Short descriptive text snippets
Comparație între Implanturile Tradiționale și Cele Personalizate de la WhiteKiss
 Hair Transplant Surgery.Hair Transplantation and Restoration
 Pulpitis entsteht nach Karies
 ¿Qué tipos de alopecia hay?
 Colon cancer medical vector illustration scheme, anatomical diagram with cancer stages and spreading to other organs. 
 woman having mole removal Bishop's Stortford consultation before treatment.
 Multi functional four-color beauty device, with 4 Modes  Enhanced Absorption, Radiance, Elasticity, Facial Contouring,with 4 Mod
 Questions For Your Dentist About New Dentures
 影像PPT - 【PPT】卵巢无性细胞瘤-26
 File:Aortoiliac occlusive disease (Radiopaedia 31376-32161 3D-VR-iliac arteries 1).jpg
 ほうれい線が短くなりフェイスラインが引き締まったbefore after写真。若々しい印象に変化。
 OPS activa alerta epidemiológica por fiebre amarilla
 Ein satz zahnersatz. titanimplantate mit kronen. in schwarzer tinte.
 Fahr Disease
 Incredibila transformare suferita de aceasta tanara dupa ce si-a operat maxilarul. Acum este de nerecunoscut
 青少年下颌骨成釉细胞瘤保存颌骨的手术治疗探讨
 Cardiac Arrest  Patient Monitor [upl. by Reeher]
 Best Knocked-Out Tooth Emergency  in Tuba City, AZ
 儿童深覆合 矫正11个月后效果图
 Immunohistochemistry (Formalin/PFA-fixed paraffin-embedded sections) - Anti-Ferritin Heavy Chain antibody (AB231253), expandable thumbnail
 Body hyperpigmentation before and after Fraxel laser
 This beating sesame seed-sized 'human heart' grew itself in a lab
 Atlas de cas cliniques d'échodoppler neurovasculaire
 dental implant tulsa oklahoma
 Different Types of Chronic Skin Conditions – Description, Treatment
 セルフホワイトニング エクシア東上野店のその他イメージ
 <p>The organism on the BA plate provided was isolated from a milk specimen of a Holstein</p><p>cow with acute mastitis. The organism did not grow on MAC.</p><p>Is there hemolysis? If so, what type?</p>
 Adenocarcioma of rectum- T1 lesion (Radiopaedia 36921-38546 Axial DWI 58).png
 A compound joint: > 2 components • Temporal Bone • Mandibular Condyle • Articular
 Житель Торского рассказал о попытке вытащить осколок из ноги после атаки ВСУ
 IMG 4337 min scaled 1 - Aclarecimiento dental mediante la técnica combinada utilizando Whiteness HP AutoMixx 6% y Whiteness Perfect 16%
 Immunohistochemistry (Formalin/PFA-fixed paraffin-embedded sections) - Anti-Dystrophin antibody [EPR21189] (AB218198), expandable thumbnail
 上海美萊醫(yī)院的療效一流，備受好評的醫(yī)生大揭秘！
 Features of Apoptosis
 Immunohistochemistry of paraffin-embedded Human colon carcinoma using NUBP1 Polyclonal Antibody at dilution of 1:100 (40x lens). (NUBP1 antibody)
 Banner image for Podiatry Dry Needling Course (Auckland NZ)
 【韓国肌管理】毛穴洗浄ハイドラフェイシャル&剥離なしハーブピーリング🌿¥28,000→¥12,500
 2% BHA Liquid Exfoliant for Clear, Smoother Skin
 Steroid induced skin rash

## INSTRUCTIONS TO FOLLOW
Give back, exactly as written, the stretch from the line with "セルフホワイトニング エクシア東上野店のその他イメージ" through the line with "Adenocarcioma of rectum- T1", and no other lines from the records above.

## TASK SOLUTION
 セルフホワイトニング エクシア東上野店のその他イメージ
 <p>The organism on the BA plate provided was isolated from a milk specimen of a Holstein</p><p>cow with acute mastitis. The organism did not grow on MAC.</p><p>Is there hemolysis? If so, what type?</p>
 Adenocarcioma of rectum- T1 lesion (Radiopaedia 36921-38546 Axial DWI 58).png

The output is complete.